About this exercise:
Print the data once more, exactly as given. Drop the pictures.

*** Record set ***

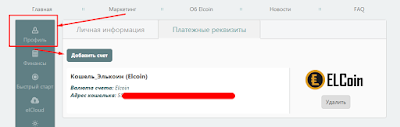 Добавление кошелька элькоин в кабинете elevrusinvest.com.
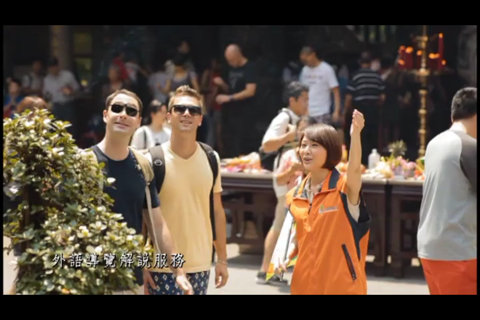 旅遊ＧＯ台灣 screenshot 2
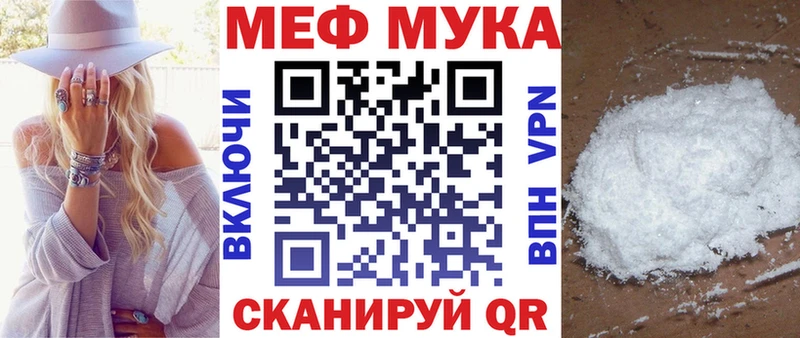 Меф 4 MMC  Мещовск 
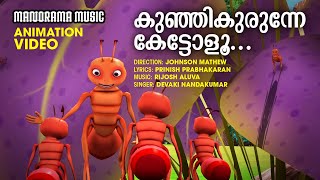 Kunji Kurunne Kettoloo | Animation Video Song | Johnson Mathew | Children Animation Video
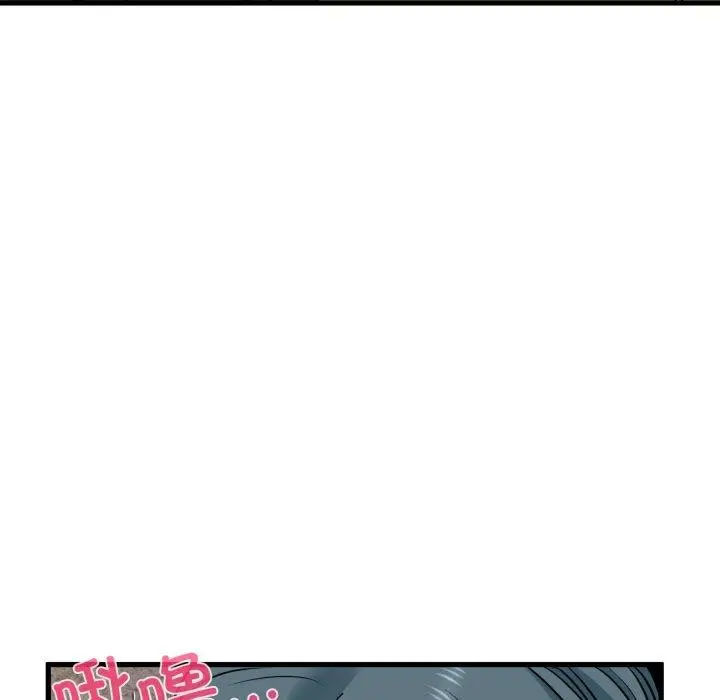 漫画《发小碰不得/强制催眠》第74话第27张图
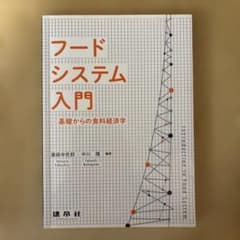 フードシステム入門 ―基礎からの食料経済学―のサムネイル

*** End of Record set ***

Your response:
 Добавление кошелька элькоин в кабинете elevrusinvest.com.
 旅遊ＧＯ台灣 screenshot 2
 Меф 4 MMC  Мещовск 
 Kunji Kurunne Kettoloo | Animation Video Song | Johnson Mathew | Children Animation Video
 漫画《发小碰不得/强制催眠》第74话第27张图
 フードシステム入門 ―基礎からの食料経済学―のサムネイル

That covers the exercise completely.